Now, of course, all that completely excellent silliness would be for naught if it weren’t backed up with good writing. So it’s a relief to report that it’s a laugh-out-loud escapade of gloriously funny nonsense. Meta-looping daftness, flashbacks that make no linear sense, and – well “puns” is a strong word – “puns” like “Prbear-sident”.

Fighting against the narrative by deliberately making bad choices only leads to far funnier situations, like my refusal to go see the Prbear-sident by hibernating, then taking hallucinogenic drugs, turning my arms into a fish and a lobster claw.

“Spacesuit have my paws always been sea denizens?”

I ask this by typing ‘S’ and then just mashing letters to finish the sentence. It’s very satisfying.

One of my favourite scenes is when the Prbear-sident (this doesn’t stop being funny to me) is explaining the severity of your mission, and instead of following on you can start thinking different thoughts. Like whether ants use glue to make ships in bottles, or if ducks have food allergies. Then keep asking the poor Bearmander In Chief to repeat himself.

“(There are probably ducks who are gluten free just to be trendy.)”

And best, this is all a multi-part sidetrack that you don’t have to go down if you give a slightly more sensible response in the first place. All said while my aquatic paws frantically wave about typing on an imaginary keyboard.

After four loops round he thinks, “OK I should really pay attention this time, the plot demands it.

Oh man I’ve laughed so damn hard, so many times. The line, which will wonderfully make no sense out of context, “Ahem I believe I had a clean butt,” made me laugh, clap, and laugh some more.

And yet, as daft as it absolutely is, there’s a good deal of work gone into this! OK, perhaps not in terms of the art (which I love), but silly responses you give at one point carry on through in terms of available dialogue choices for the rest of the game. My Space Bear is avenging his dead daughter, but yours could be doing it for his alive daughter, dead or alive son, or for neither.

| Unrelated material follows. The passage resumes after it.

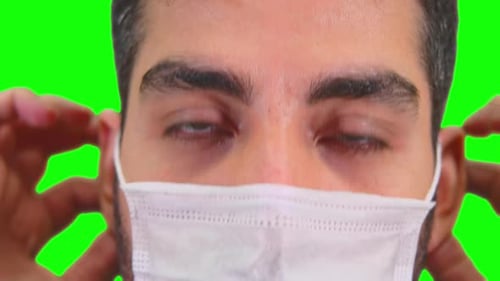 Young Adult Putting on Protective Mask, Chroma Key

At a certain point, I accidentally became properly engrossed in the plot, and found myself unable to choose the silliest replies because I didn’t want to jeopardise things! But then fortunately I got control of my senses, and recognising what the game keeps telling me in deeply sarcastic tones, it’s all heading the same direction anyway.

Yet the dialogue choices have enough of an impact that I wanted to start over the moment I finished. Which I did. And then laughed at a different set of jokes.

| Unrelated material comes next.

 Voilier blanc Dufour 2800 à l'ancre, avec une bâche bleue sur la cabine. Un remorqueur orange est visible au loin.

The first comparison that came into my mind as I played was Kyle Is Famous. It has a very similar vibe, and is similarly funny. But it’s worth making clear that where Kyle’s choices send it spiralling off down myriad narrative pathways, Space Bear’s very definitely do not. Even though some choices change the nature of some later, this is very definitely a single track. Enough that the game mocks itself for it throughout.

But crikey, I loved this. It’s short, maybe half an hour? But it’s so, so funny. Especially if you like jokes with the word “butt” in them. There are lots of those. Yet again I find myself lamenting that this is free! I’d love to have paid a couple of quid for this! There’s not even an Itch where one can do so. So my conclusion is that Damon Smith is double-silly, and everyone should get hold of this because it’s hilarious, and you’re a bear who can moon people.